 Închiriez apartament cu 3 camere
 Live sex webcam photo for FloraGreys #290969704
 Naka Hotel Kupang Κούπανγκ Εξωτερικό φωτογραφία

ASSIGNMENT:
Nothing should be returned except the lines from the one containing "Live sex webcam" through the last line of the data, each restated word for word.

ANSWER SPACE:
 Live sex webcam photo for FloraGreys #290969704
 Naka Hotel Kupang Κούπανγκ Εξωτερικό φωτογραφία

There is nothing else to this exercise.